The first issue of Porn Studies, an academic journal exploring "pornography, and sexual representations more generally," has debuted.
The mere fact of its existence, which became public in mid-2013, was occasion for a media event. But the journal's articles are serious articulations of the intersection between the concerns of media studies and those of pornography. Porn Studies is not a joke, though it seems to provide everyone with some relief to treat it as one.
That's because so many people look at so much porn: HuffPo noted last year that porn sites get more visitors than Netflix, Amazon, and Twitter combined. And yet the majority of Americans say looking at porn is "wrong." Porn is a national contradiction baked into the daily ablutions of hundreds of millions of people.
This is a profoundly uncomfortable situation for a nation.
So pornography remains undertheorized. In the public sphere, there are very few serious ideas about what porn is or how it works or what it means to us, beside from the obvious.
Perhaps in the past, it would have been possible to ignore this situation. But the Internet turns out to, basically, be a very efficient porn delivery machine.
"Scholarly interest in pornography has also been driven by technological changes," write Porn Studies editors and media scholars Feona Attwood and Clarissa Smith:
The increasing accessibility provided by various media technologies has opened up the market for pornography, and as a consequence amateur porn has proliferated, alongside a growing range of independent and alternative productions, while pornographies of all kinds have become accessible to a wider range of audiences.

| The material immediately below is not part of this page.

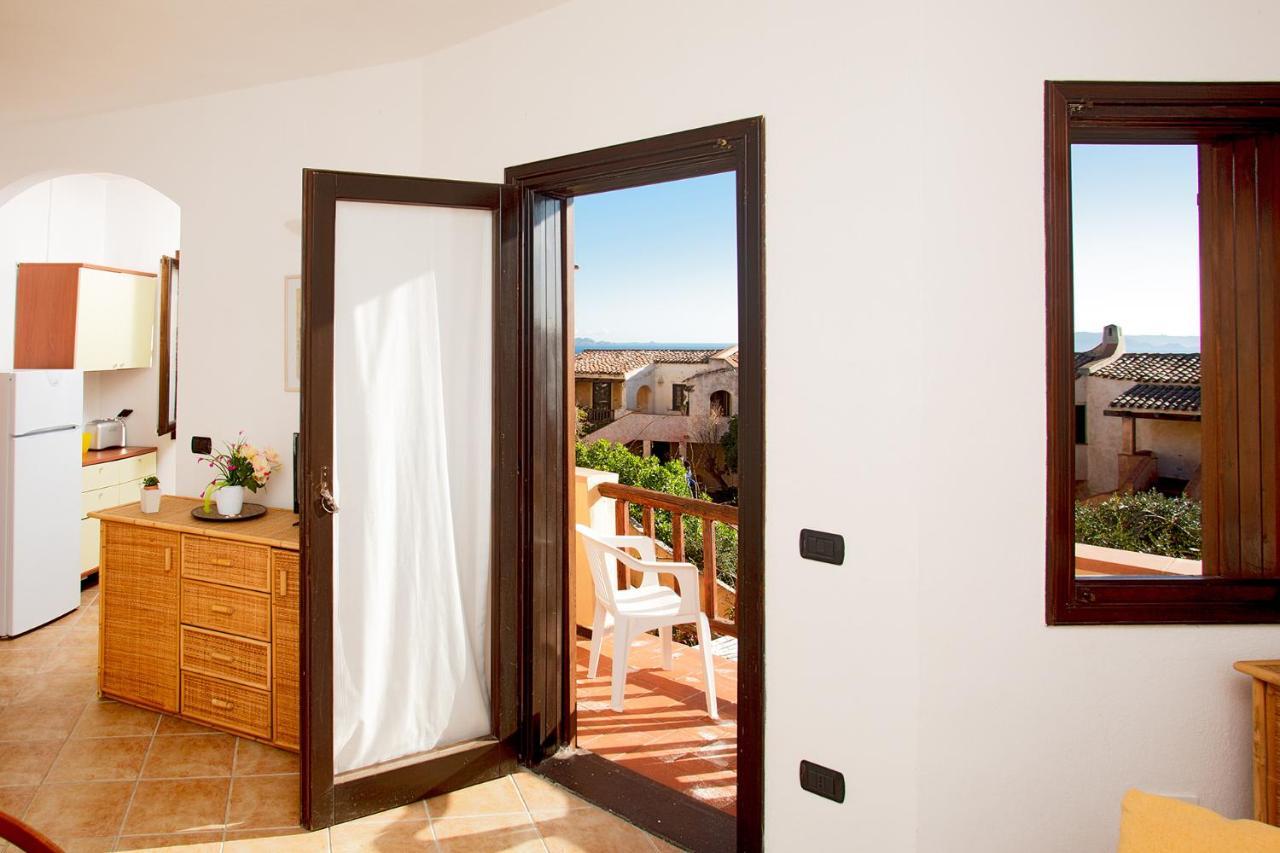 Residence La Marmorata Santa Teresa Gallura Eksteriør billede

Even more broadly: "Mediated forms of sex have become more commonplace and commercial sex products, services and representations have become steadily more visible," they write.
Porn is always two clicks away, and, hovers at the edge of so many conversations from analyses of Girls to sending messages on phones to the NSA.
The problem, however, is that there are costs to even talking about pornography. This is true even in our supposed bastions of intellectual freedom, as several of the articles make clear. "I have been told 'You don't want to be 'the porn guy'' and 'you will have to deal with the content issue of your work,'" writes Nathaniel Burke in his essay "Positionality and Pornography."
I'd heard similar things from journalists, male and female alike. Very few people want to be "the porn guy."
And so researchers and critics choose to do work on less fraught, less important topics. Perhaps having a publication that serves as a gathering place will create some strength in academic numbers.
On the larger goal, though, can Porn Studies articles like "Gonzo, trannys, and teens – current trends in US adult content production, distribution, and consumption" or "Fair-trade porn + niche markets + feminist audience" or "Porn's pedagogies: teaching porn studies in the academic–corporate complex" or "Deep tags: toward a quantitative analysis of online pornography" actually deepen the way people talk and write about pornography?
I don't know. At least they define a terrain beyond simple Manichean representations of pornography as wholly good or bad.